EXERCISE AIM
Every line from the one holding "Upper 15 Sherbourne Street" through the last line of the records must be retyped exactly, and no other line or picture may appear in the copy.

EXTRACTED DATA
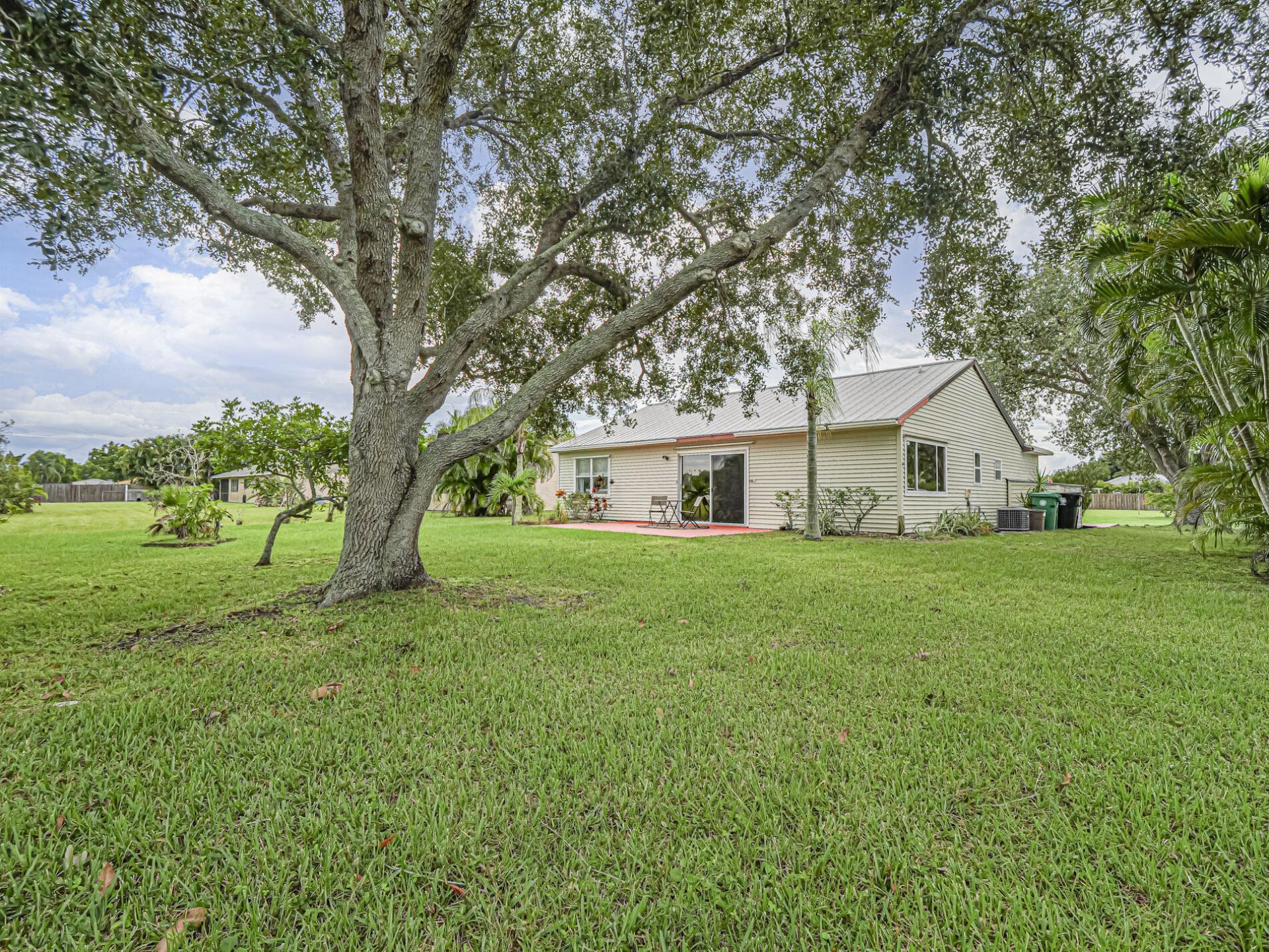 2050 SE West Dunbrooke Circle, Port Saint Lucie, FL 34952 Photo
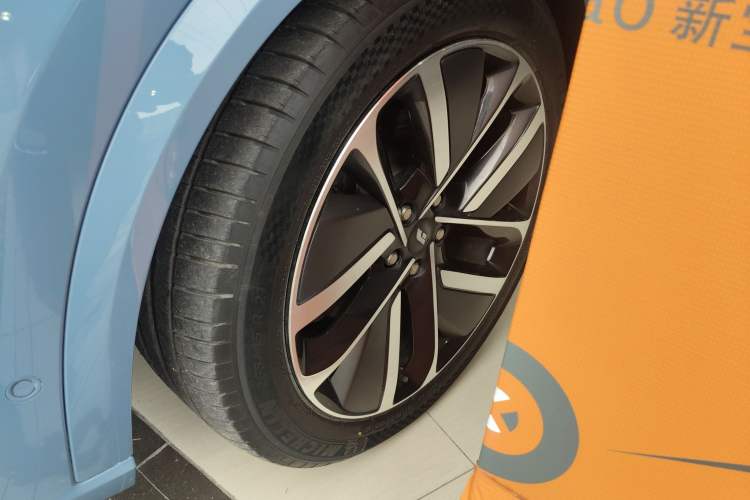 Used Li Auto L8 2023 Max model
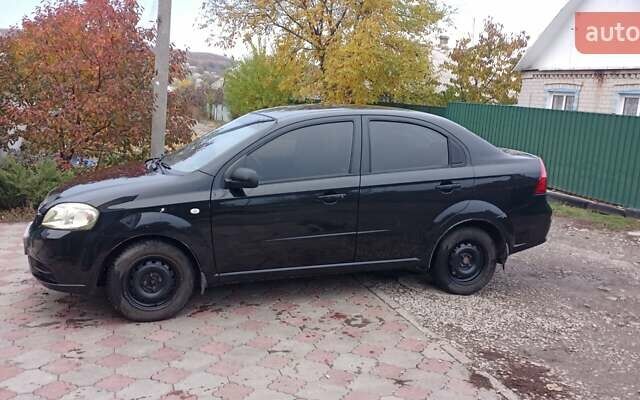 Черный Шевроле Авео, объемом двигателя 1.5 л и пробегом 187 тыс. км за 3300 $, фото 1 на Automoto.ua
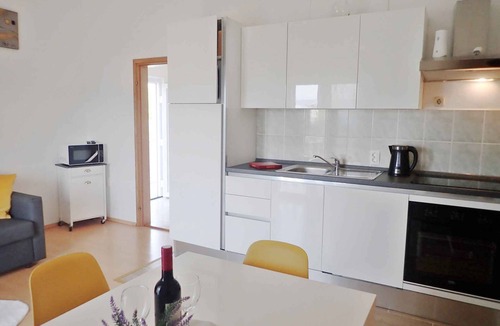 Seline Apartment | Holiday apartment with air conditioning, washing machine and balcony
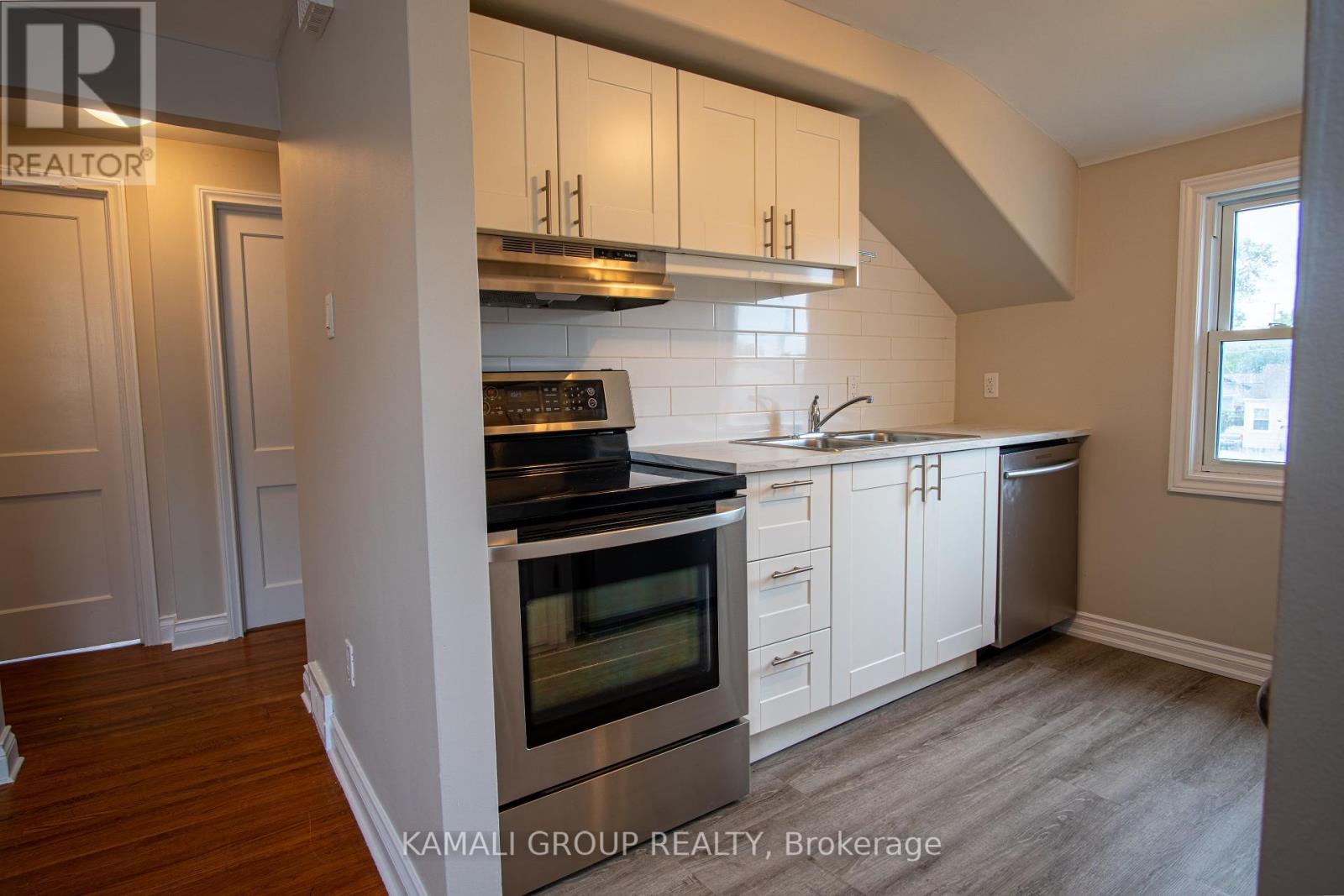 Upper 15 Sherbourne Street
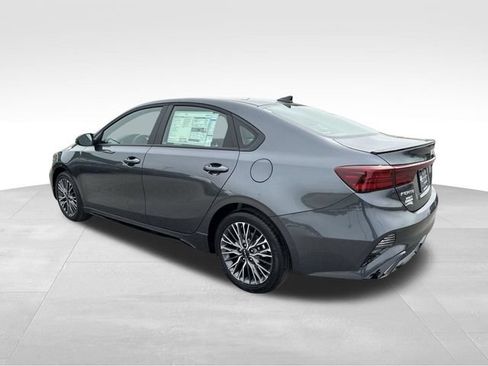 Used 2024 Kia Forte GT-Line FWD image 3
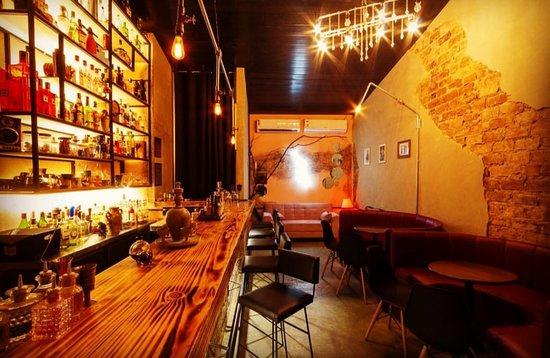 Pina Cocktails & Co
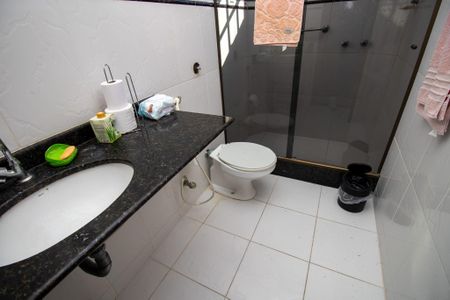 Casa de condomínio à venda com 600m², 4 quartos e 2 vagasBanheiro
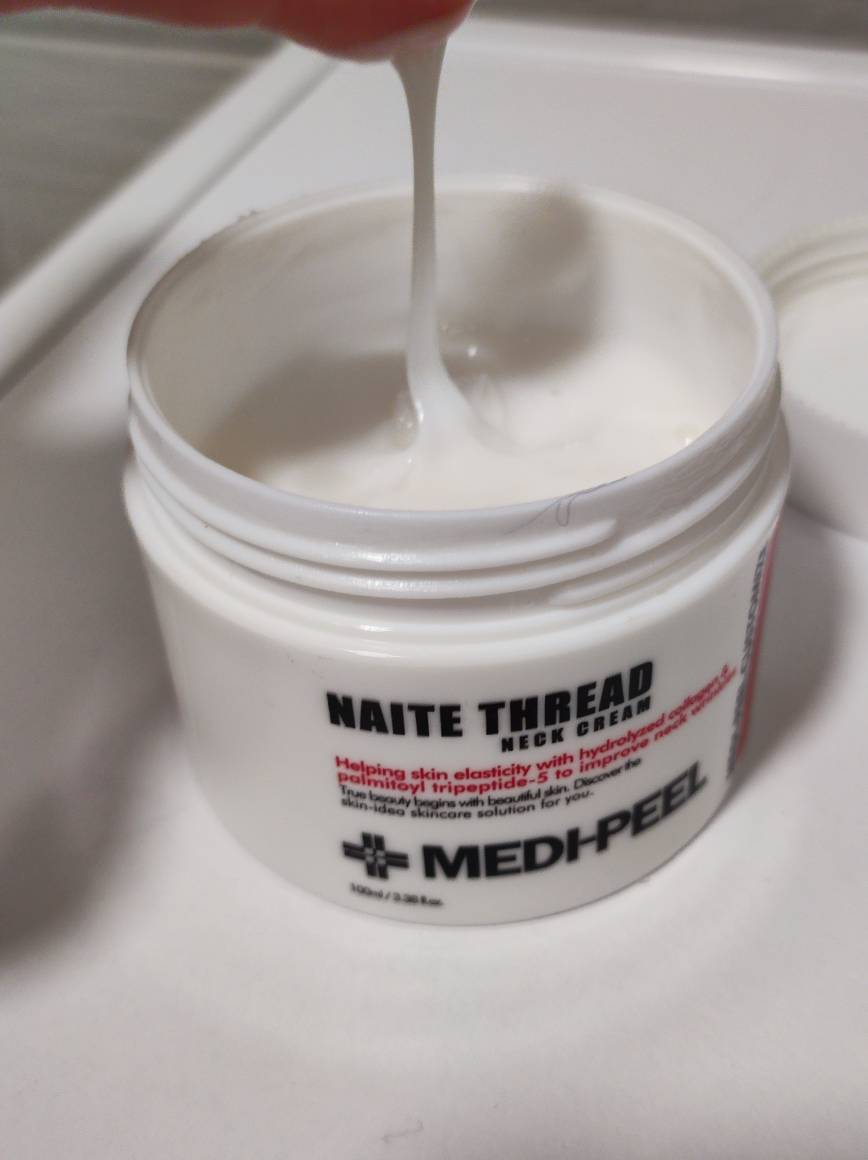 Premium naite thread neck cream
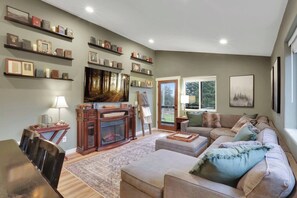 Télévision, cheminée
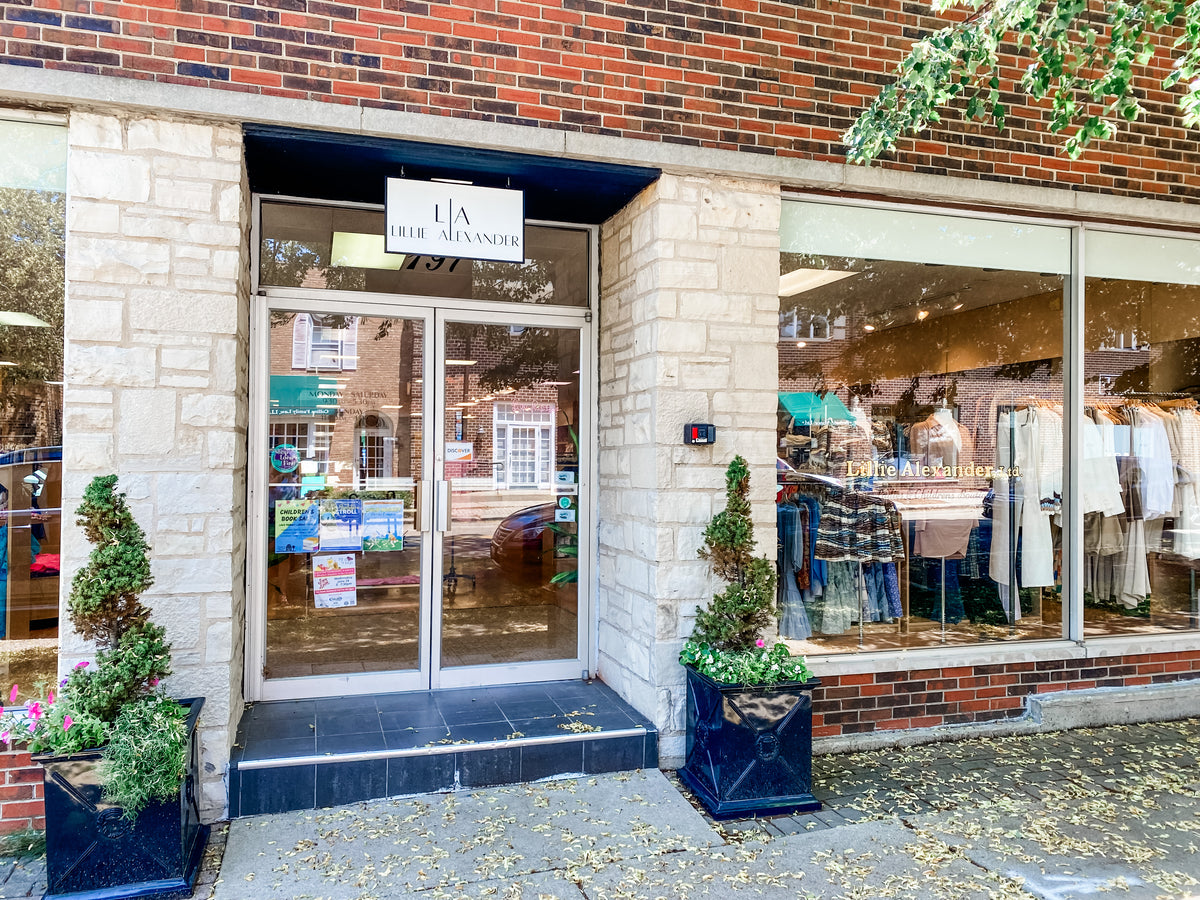 A fashion boutique serving Lake Forest and Chicago's North Shore ...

ANSWER SPACE
 Upper 15 Sherbourne Street
 Used 2024 Kia Forte GT-Line FWD image 3
 Pina Cocktails & Co
 Casa de condomínio à venda com 600m², 4 quartos e 2 vagasBanheiro
 Premium naite thread neck cream
 Télévision, cheminée
 A fashion boutique serving Lake Forest and Chicago's North Shore ...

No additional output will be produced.